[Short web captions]
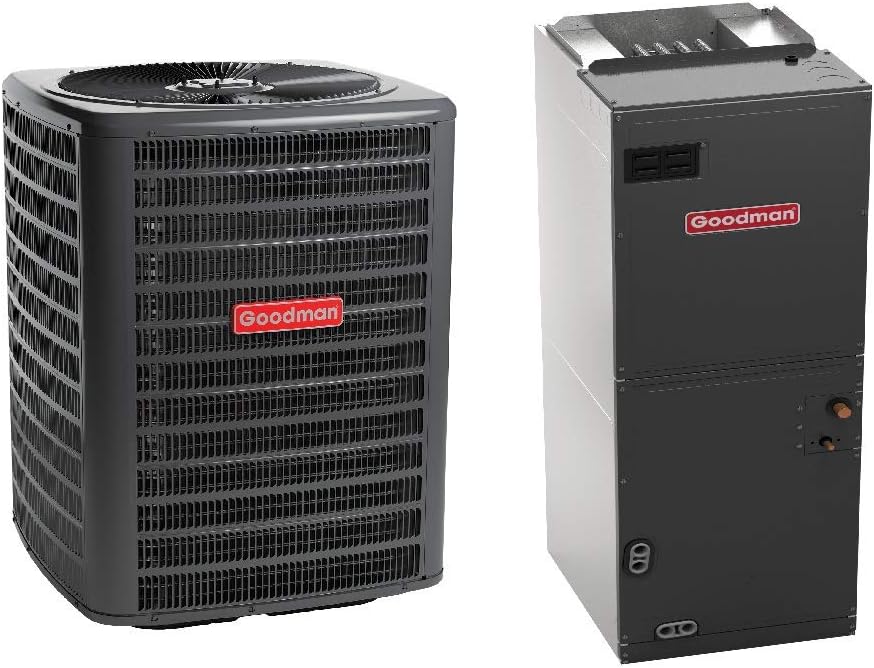 Goodman 2.5 Ton 14 Seer نظام تكييف هواء مع معالج هواء متعدد المواضع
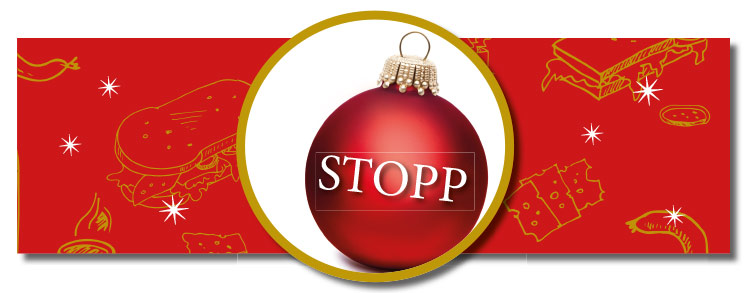 KEINE Bestellungen mehr für Weihnachten!
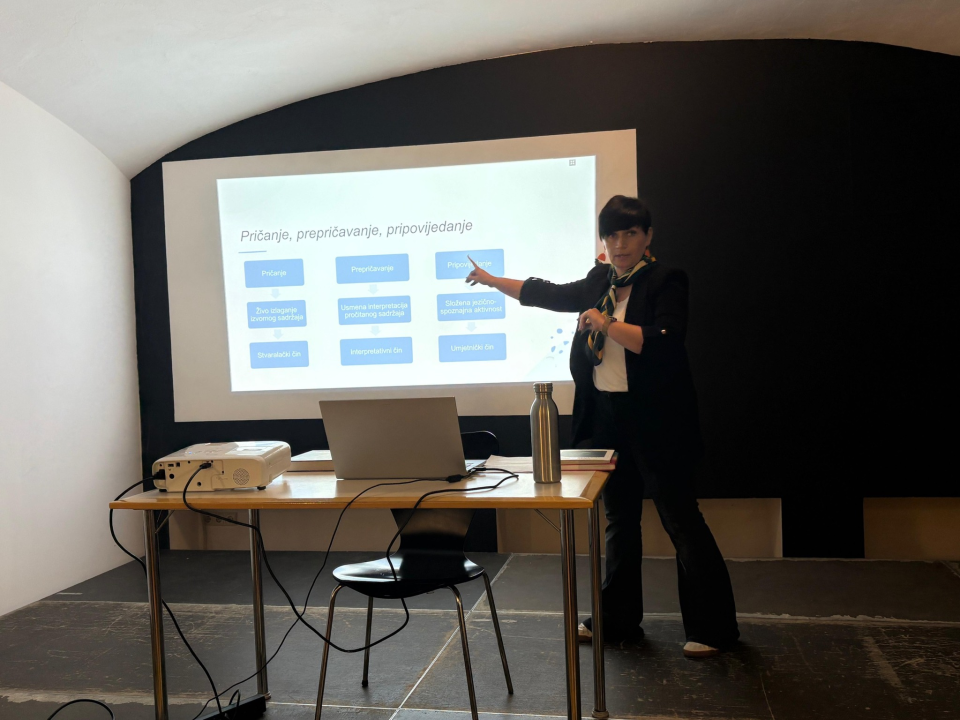Održana edukacija Željane Bulat o primjeni pripovijedanja u knjižnicama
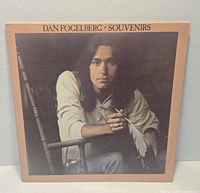 Front cover of Dan Fogelberg Souvenirs LP with visible wear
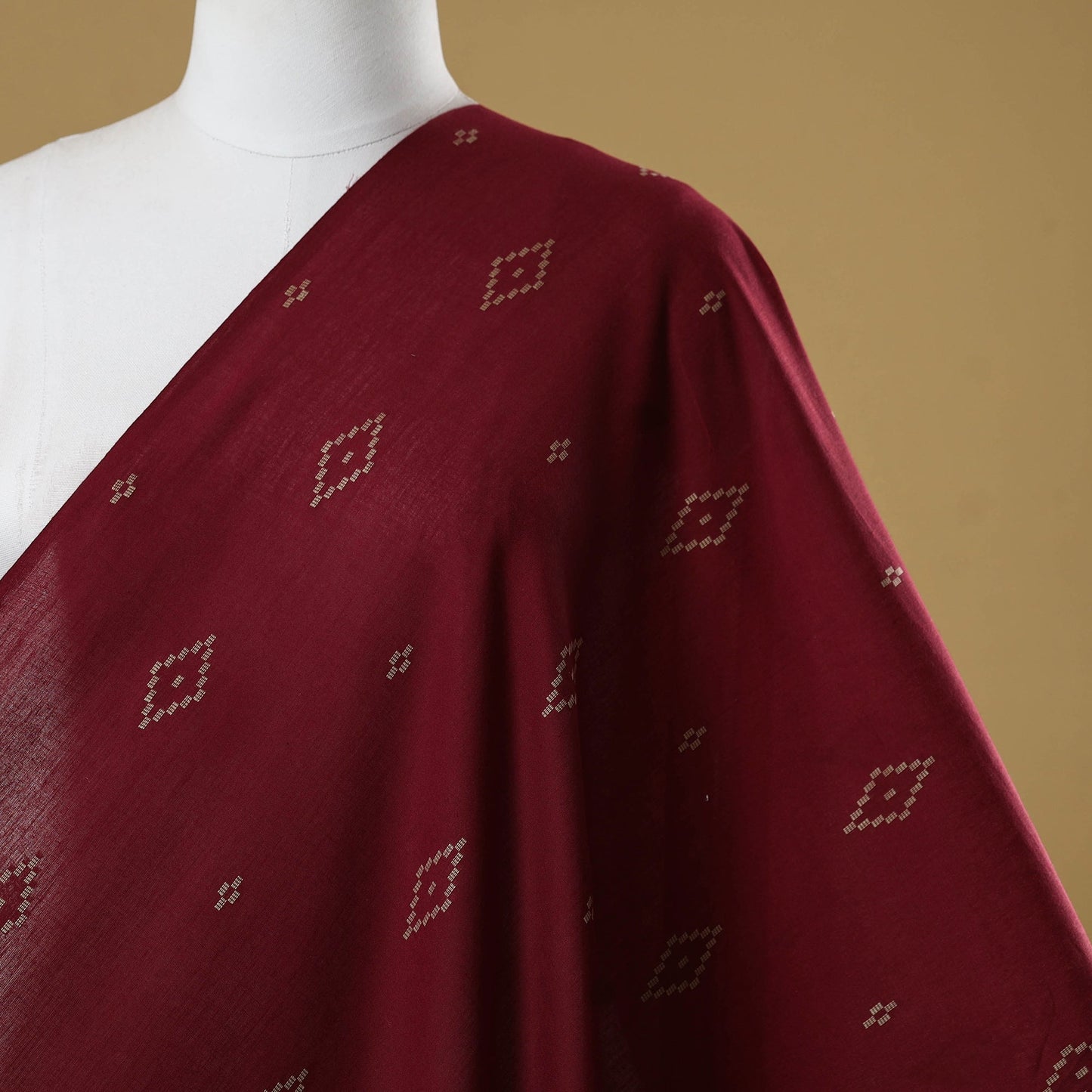 Prewashed cotton jacquard fabric 01 - handcrafted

**Try it**
Lines from the one holding "Održana edukacija Željane" to the end of the data, both ends included, are to be given again exactly; no pictures belong in the copy.

**Solution for this task**
Održana edukacija Željane Bulat o primjeni pripovijedanja u knjižnicama
 Front cover of Dan Fogelberg Souvenirs LP with visible wear
 Prewashed cotton jacquard fabric 01 - handcrafted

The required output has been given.